Problem statement:
Copy nothing but the lines below, from the one with "Поло мужское Nike" through the one with "Mitsubishi ASX - 1.6", exactly as written; no pictures should appear.

--- Source data Enclosed Below ---

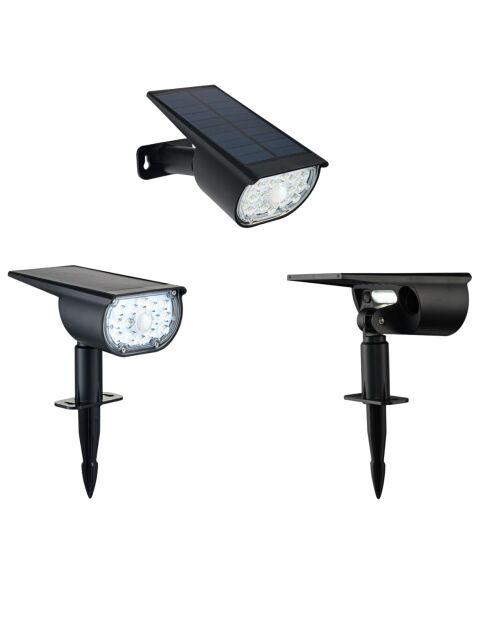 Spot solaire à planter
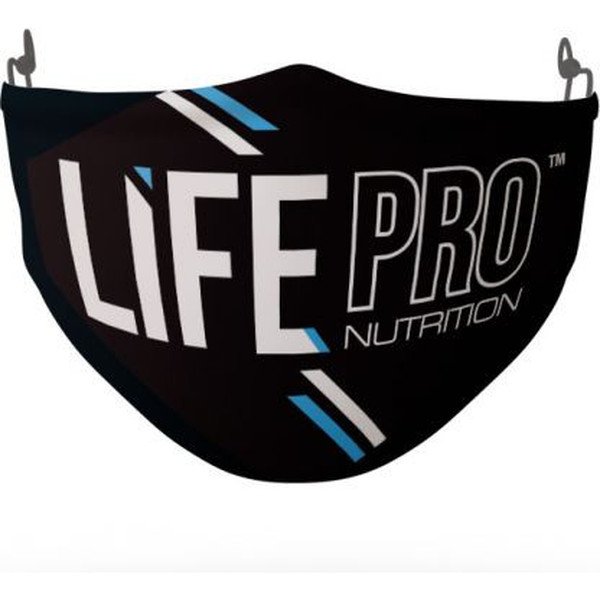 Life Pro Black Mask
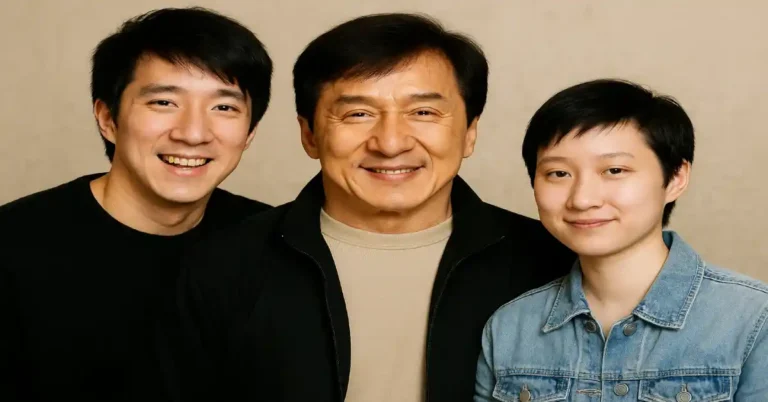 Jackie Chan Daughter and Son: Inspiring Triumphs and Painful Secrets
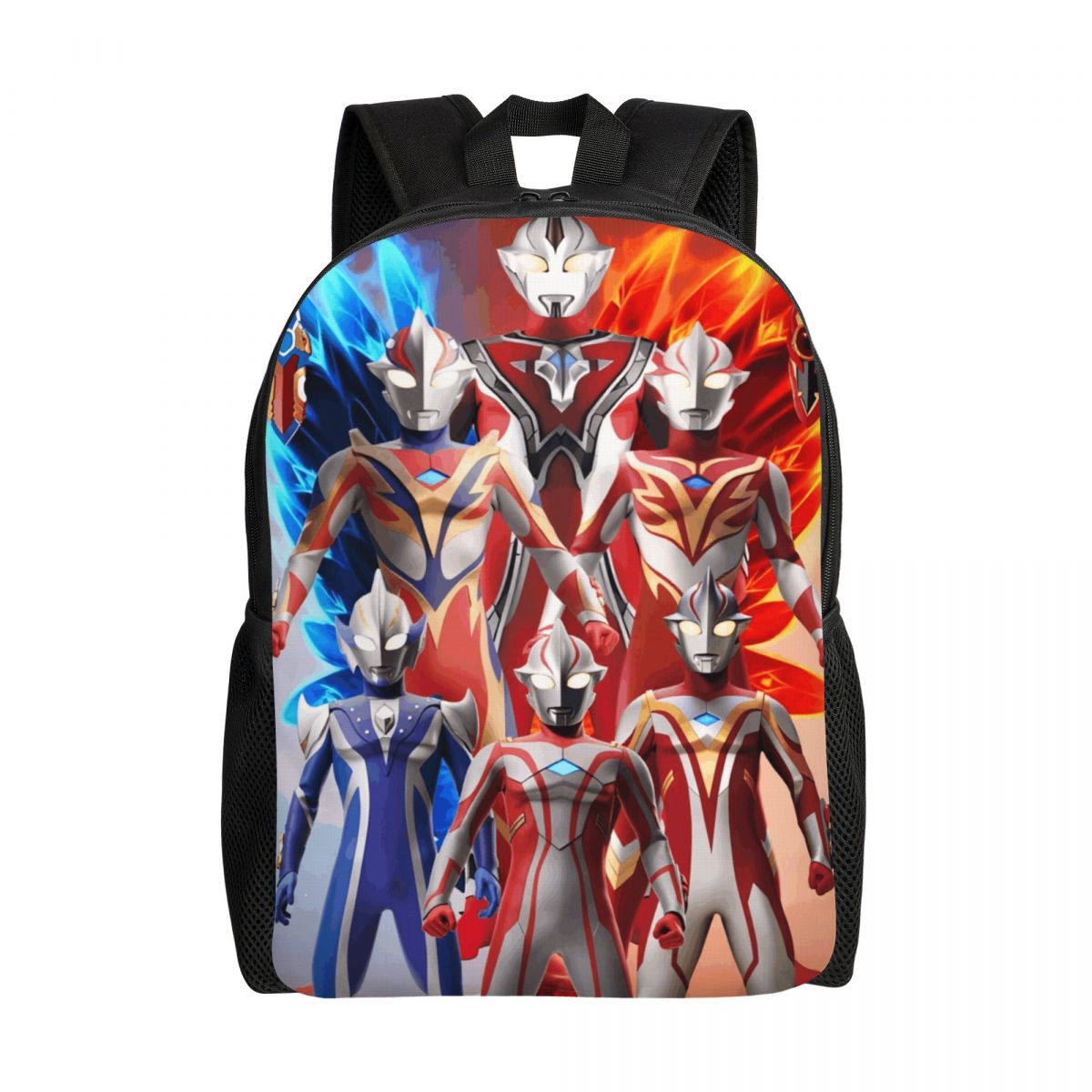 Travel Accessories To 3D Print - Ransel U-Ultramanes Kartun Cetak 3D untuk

--- End of Enclosed Source data ---
--- Source data Enclosed Below ---

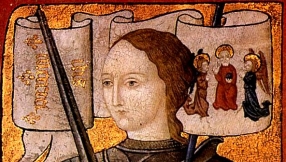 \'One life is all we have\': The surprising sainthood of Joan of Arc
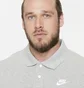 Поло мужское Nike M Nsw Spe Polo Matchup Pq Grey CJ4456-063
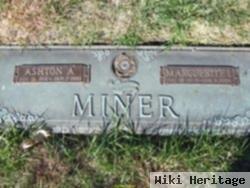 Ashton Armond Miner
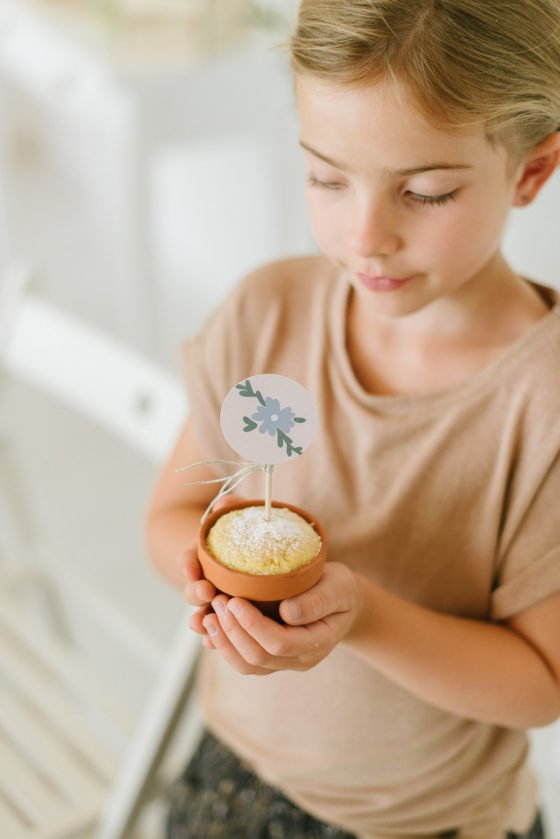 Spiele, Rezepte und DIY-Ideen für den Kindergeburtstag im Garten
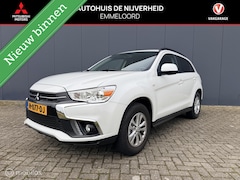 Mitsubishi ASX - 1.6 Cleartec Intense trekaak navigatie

--- End of Enclosed Source data ---

Task answer:
 Поло мужское Nike M Nsw Spe Polo Matchup Pq Grey CJ4456-063
 Ashton Armond Miner
 Spiele, Rezepte und DIY-Ideen für den Kindergeburtstag im Garten
 Mitsubishi ASX - 1.6 Cleartec Intense trekaak navigatie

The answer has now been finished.